Thursday, October 23, 2003

Some people have no sense of humor

An early Halloween prank in Waikiki last night got a 21-year-old Haleiwa man arrested for unauthorized entry into a vehicle.

Police said the man, who was wearing a “monster” mask, went up to a car that was stopped at a traffic light at the corner of Kalakaua and Ohua avenues about 10 p.m., stuck his head through an open window and screamed. The driver of the vehicle notified police who located the suspect and arrested him.
Music Wars Scene 23:
In Which the Empire RIAA says Please Mr. Postman
It seems the RIAA is going to be nice enough to send you a letter, and politely, and in a most plesant manner, tell you that they are suing your ass:
The public backlash to the suits was immediate, prompting the Recording Industry Association of America (news - web sites) to agree that, in the future, it would issue warnings before formally filing lawsuits. On Friday, the industry made good on that promise, announcing that it had sent letters to 204 people informing them that they face imminent legal action.

According to The Associated Press, the "letters give the recipients 10 days to contact the RIAA to discuss a settlement and avoid a formal lawsuit. The RIAA declined to identify the individuals, but said they were sharing an average of more than 1,000 songs on their computers. The advanced notice also could help the RIAA avoid embarrassment. Last month's targets included a 12-year-old girl and a grandmother who claimed she was falsely accused of sharing rap songs. Many of the accused learned of the lawsuits when they were called by reporters." "In light of the comments we have heard, we want to go the extra mile and offer illegal file sharers an additional chance to work this out short of legal action," RIAA President Cary Sherman said in an oft-quoted statement.
How very white civil of them. Don't even think that they are doing this out of the kindness of their heart. This new tactic only serves to cover their ass so the next 12 year old they sue won't be informed by the press of the pending lawsuit. Although the fact that they had to change their approach shows that they know that they are abusing the DMCA that is the legal basis for all this.
In a related commentary, Todd Rundgren had this to say:
The plain reality is that, except for a few notable aberrations, musicians will always be more appreciated, certainly in a financial sense, by live audiences than by labels and the listeners they purport to represent. The seemingly quaint idea that recordings were promotion for great performers is no less true today. Ask Phish.

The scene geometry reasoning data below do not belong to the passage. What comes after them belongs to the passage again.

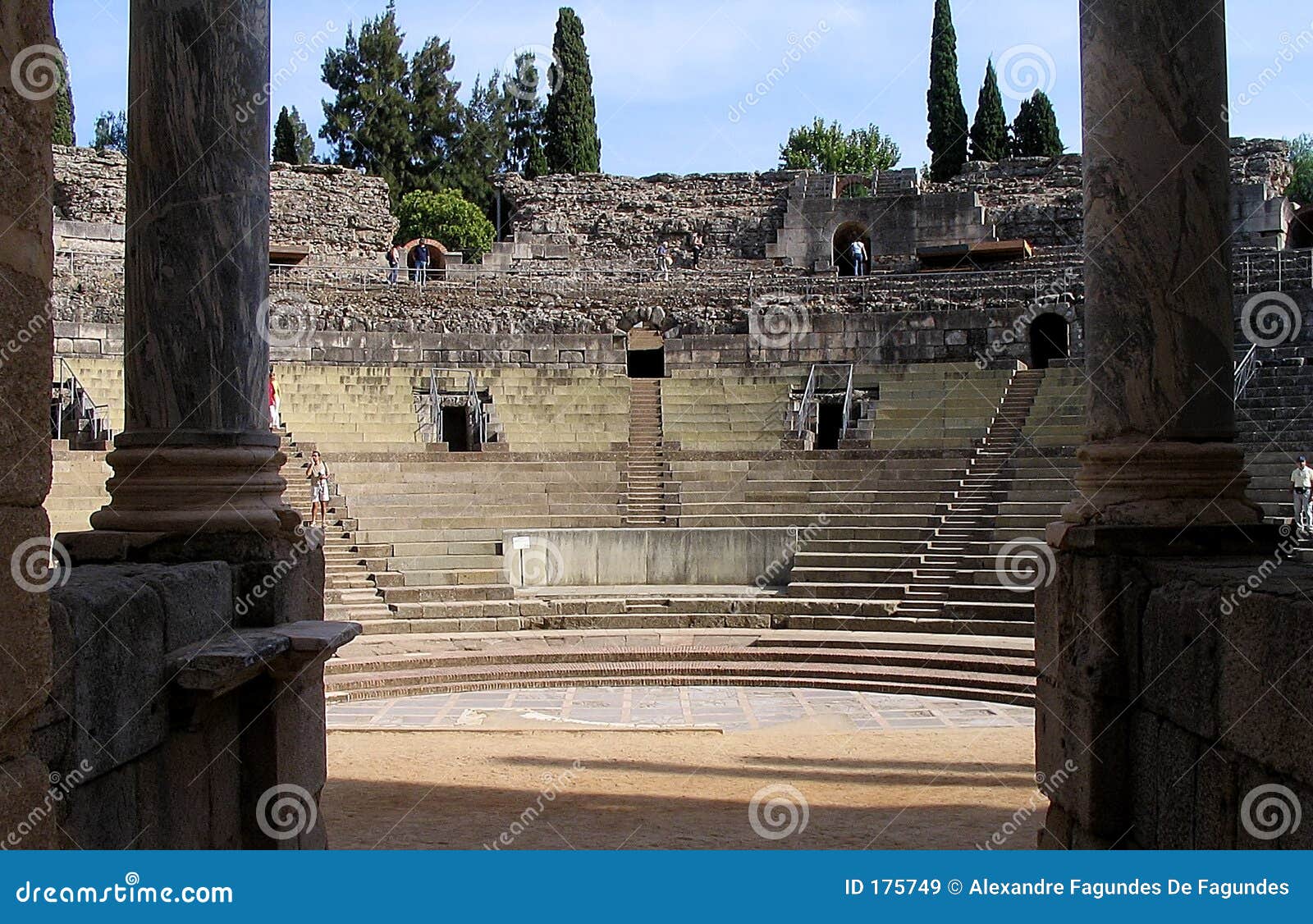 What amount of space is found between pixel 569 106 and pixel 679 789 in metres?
36.7

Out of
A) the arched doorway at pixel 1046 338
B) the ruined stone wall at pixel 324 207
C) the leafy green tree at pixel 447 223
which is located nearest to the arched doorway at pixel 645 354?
the arched doorway at pixel 1046 338

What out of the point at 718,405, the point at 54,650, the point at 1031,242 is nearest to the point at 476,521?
the point at 718,405

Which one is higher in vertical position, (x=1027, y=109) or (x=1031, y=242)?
(x=1027, y=109)

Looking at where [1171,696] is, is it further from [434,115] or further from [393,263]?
[434,115]

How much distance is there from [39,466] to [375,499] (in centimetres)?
1412

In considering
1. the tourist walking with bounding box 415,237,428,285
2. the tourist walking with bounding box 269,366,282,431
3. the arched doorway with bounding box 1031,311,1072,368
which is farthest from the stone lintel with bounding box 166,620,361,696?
the tourist walking with bounding box 415,237,428,285

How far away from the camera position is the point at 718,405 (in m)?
21.7

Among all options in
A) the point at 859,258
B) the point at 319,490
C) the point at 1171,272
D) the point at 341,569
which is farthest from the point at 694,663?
the point at 859,258

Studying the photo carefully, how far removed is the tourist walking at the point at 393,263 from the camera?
3047cm

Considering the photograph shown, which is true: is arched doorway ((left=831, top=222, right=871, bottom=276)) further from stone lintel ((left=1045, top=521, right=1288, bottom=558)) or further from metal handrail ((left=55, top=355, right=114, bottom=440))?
stone lintel ((left=1045, top=521, right=1288, bottom=558))

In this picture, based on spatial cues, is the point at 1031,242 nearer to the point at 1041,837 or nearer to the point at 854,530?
the point at 854,530

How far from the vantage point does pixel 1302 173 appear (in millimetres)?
57156

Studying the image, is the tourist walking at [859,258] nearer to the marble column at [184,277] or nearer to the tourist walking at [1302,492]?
the tourist walking at [1302,492]

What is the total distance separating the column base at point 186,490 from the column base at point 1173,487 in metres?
3.66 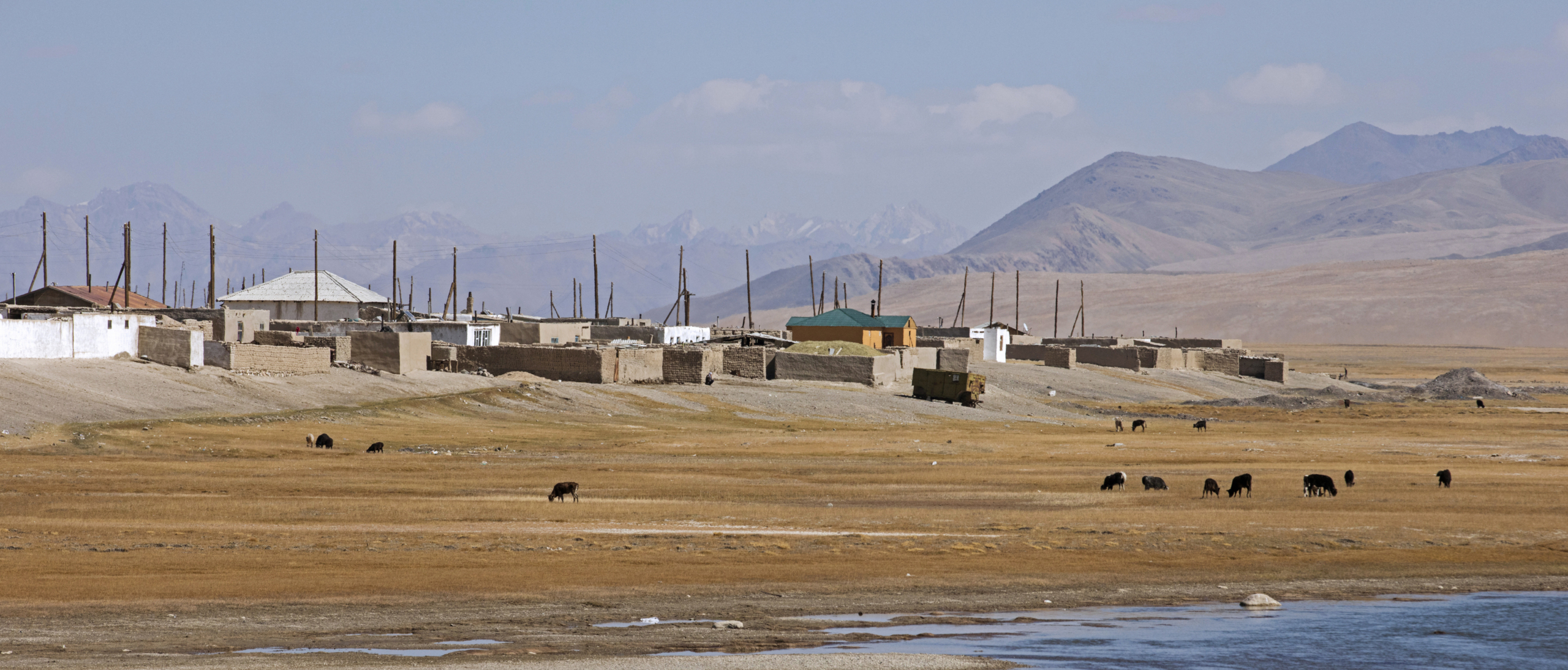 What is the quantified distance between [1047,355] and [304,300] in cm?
4696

Ask also whether, as a musician, you ever believed the RIAA was actively protecting your interests until they got into a fight with their own customers and started using your name, your so-called well-being, as justification. And when the customers became skeptical they became the enemy. And to follow the RIAA's logic, customers are therefore the enemies of musicians. Let us ignore the fact that if you ever got compensated for your contribution, it would have been because your manager and lawyer (and many before) forced the labels to recognize your labor in financial terms.

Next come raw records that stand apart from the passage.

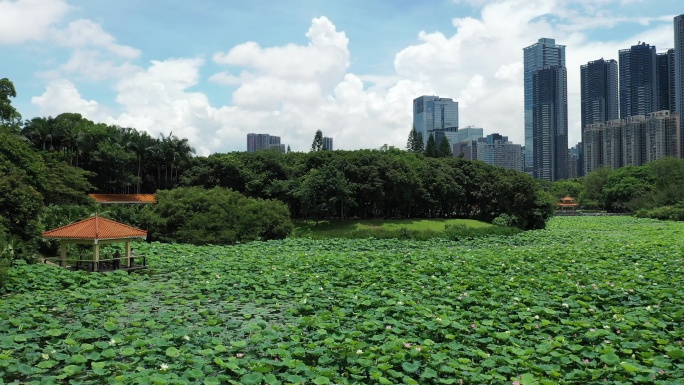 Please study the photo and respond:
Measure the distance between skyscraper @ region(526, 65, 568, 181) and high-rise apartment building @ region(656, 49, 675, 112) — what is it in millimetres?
21393

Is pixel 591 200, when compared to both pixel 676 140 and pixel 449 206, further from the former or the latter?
pixel 449 206

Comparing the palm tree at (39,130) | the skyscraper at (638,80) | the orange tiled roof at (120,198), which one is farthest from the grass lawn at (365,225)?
the skyscraper at (638,80)

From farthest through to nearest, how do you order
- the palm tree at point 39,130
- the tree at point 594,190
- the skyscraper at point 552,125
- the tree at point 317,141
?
the skyscraper at point 552,125 → the tree at point 594,190 → the tree at point 317,141 → the palm tree at point 39,130

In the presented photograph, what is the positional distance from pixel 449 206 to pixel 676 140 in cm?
4734

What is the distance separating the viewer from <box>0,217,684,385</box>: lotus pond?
4699 millimetres

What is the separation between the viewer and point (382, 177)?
30.7m

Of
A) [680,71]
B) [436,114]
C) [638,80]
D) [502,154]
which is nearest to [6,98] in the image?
[680,71]

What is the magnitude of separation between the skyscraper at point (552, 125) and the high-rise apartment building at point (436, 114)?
61.8ft

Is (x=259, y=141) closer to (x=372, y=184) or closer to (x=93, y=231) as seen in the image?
(x=372, y=184)

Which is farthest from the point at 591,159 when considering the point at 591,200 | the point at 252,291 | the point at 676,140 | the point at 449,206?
the point at 252,291

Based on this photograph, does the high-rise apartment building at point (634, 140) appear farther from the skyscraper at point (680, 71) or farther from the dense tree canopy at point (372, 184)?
the dense tree canopy at point (372, 184)

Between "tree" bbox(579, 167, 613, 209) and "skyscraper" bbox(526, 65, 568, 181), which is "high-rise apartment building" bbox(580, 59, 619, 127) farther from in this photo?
"tree" bbox(579, 167, 613, 209)

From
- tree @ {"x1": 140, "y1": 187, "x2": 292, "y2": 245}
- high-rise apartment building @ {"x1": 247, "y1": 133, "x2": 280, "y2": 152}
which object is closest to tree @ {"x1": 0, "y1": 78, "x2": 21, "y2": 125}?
tree @ {"x1": 140, "y1": 187, "x2": 292, "y2": 245}

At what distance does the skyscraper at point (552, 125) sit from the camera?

The reason why the RIAA comes off as a gang of ignorant thugs is because, well, how do I put this -- they are. I came into this business in an age of entrepreneurial integrity. The legends of the golden age of recorded music were still at the helm of most labels -- the Erteguns, the Ostins, the Alperts and Mosses by the dozens. Now we have four monolithic (in every sense of the word) entities and a front organization that crows about the fact that they have solved their problems by leaning on a 12-year-old. Thank God that mystical fascination with the world of music has been stubbed out -- hopefully everyone will get the message and get over the idea that the musician actually meant for you to hear this.
You tell em Todd.

Wednesday, October 22, 2003

It's not like this is a surprise or anything
Looks like Hasbro is suing David Chang, maker of Ghettopoly:
NEW YORK (AFP) - Hasbro, the manufacturer of Monopoly, said Wednesday it had filed suit against the creator of "Ghettopoly" -- a spoof version of the celebrated board game that stereotypes gangsta rap culture. "Hasbro will not tolerate unlawful use of its intellectual property to sell the reprehensible 'Ghettopoly' game," Frank Bifulco, president of Hasbro's US Games said in a statement.


The protests prompted Urban Outfitters to pull the game from its shelves. Chang acknowledges the stereotyping charge but insists that the accusations of racism miss the point.

"Ghettopoly is controversial because it's both fun and real life," Chang says on his website

"It draws on stereotypes not as a means to degrade, but as a medium to bring people together in laughter," he argues. "If we can't laugh at ourselves and how we each utilise the various stereotypes, then we'll continue to live in blame and bitterness."
Shorter explanation: "can't we all just get along?"